# are they red rubin??



## coolkillerbee (Mar 7, 2015)

HI, I brought few "red rubin" fry from a private breeder few months before, however, the "male" growth into yellow now, so i just wondering are they real red rubin? or they are other cichlids instead of red rubin? what are they looks like to u? :-?

the first two pic are "male"
the last pic is female
thanksssss


----------



## Iggy Newcastle (May 15, 2012)

The last photo looks Aulonocara. The second to last looks Labidochromis, an mbuna. Looks like a sp. 'Hongi' female, but since you purchased as an Aulonocara who knows what it could be made up with? I'd get these fish photos back to the breeder for a full refund and discontinue further involvement.


----------



## noki (Jun 13, 2003)

This "private breeder" is obviously an idiot or doesn't care. Or they severely confused you. The "male" seems like a Mbuna called Labidochromis "Hongi"... sometimes they have been sold as a "Red Top Kimpuma". The fish in the last pic is an Aulonocara which might be a Red line bred type. So maybe both had "Red" in the name, and the seller was very confused.

Ignorance is one thing, everyone can always learn with experience. But it always annoys me when people make stuff up or claim that fish are close enough it doesn't make any difference. They might say "why does it matter, they are all African cichlids?"


----------



## nmcichlid-aholic (Mar 23, 2011)

I agree with the others that the first 2 pics of the "male" are photos of an mbuna (likely Lab. "Hongi", as mentioned) - NOT peacocks (Aulonocara). Did you by any chance post the wrong pics? Because for a "breeder" to be that far off on the ID of the fish they are working with is criminal, so hopefully there's another explanation.
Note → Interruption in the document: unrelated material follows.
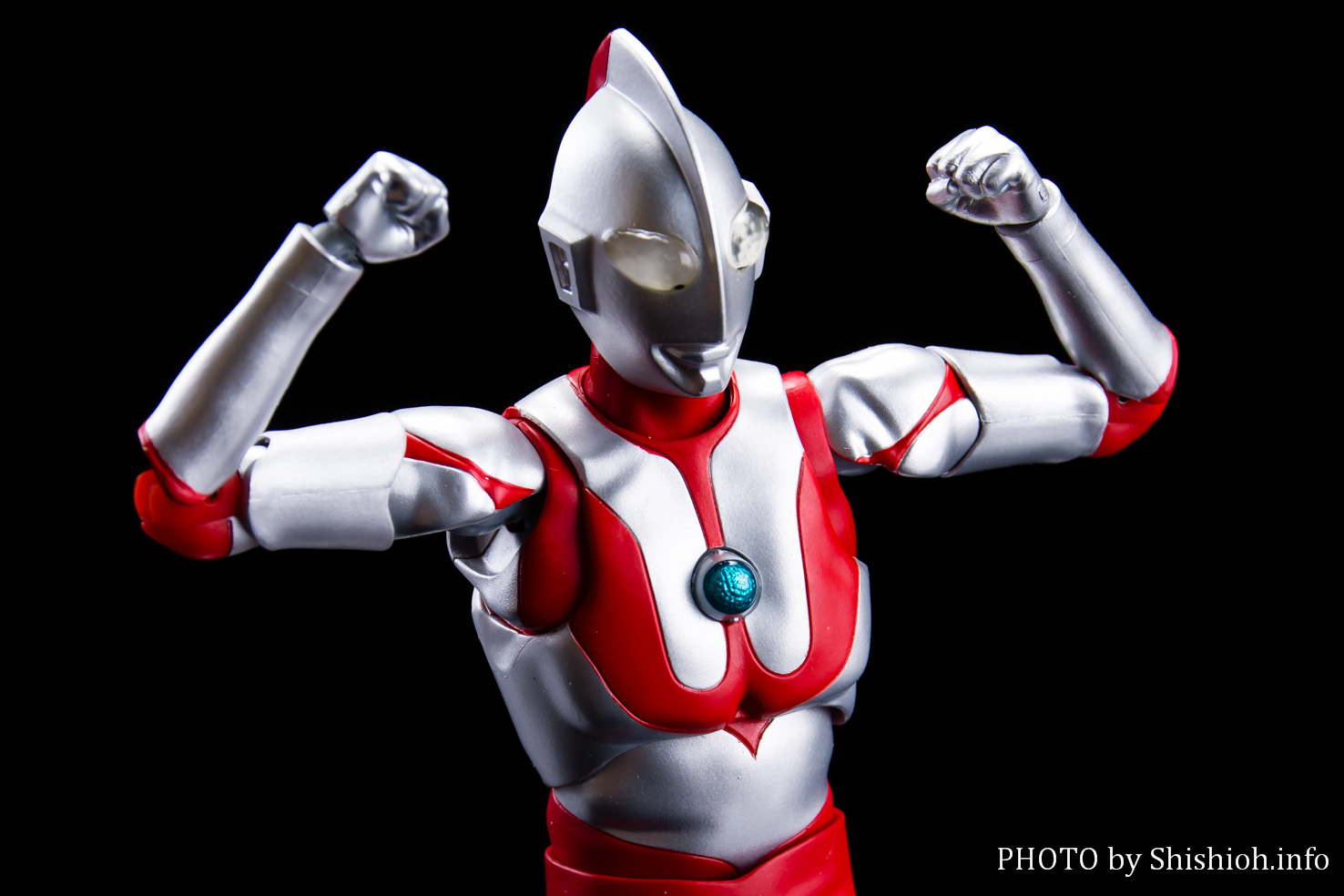 レビュー】S.H.Figuarts（真骨彫製法）ウルトラマン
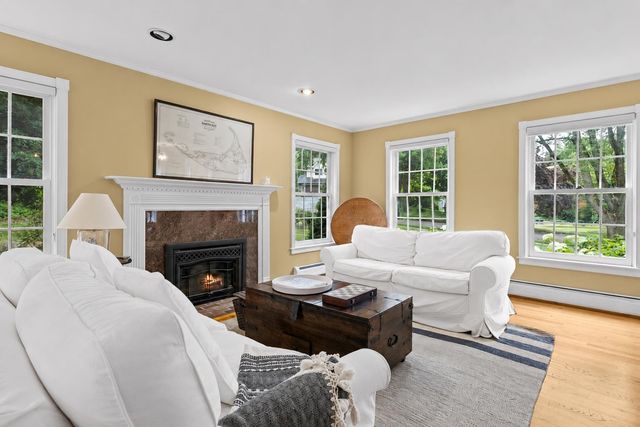 10 Brownell Way, South Burlington, VT 05403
If they truly sold this fish as a red rubin peacock, they need to be avoided at all costs...


----------



## aforce (Feb 17, 2015)

The female ruby reds i have at that size (im using the fork in the last pic for size reference ) have the same shape to their heads as the fish in the last pic u posted.. they typically have a an orange/red strip on their dorsal as well.. i have also noticed that female ruby reds of that size have metalic blue flecks along their flanks that they eventually grow out of which is not typical of the other juvenile female peacocks i keep.. 
as mentioned already the "male" is not a peacock but could have been housed with peacocks as fry and accidentially sold to u as such but that is a glass is half full type stretch and u have most likely purchased the fish from an unscrupulous dealer


----------



## coolkillerbee (Mar 7, 2015)

thanks for all of ur helping!!! but i could not find the private seller anymore!! anyway, at least i know who they are and they seen to be happy in my tank now,  so i would grow them up or find the other hongi partner for them. thanksss


----------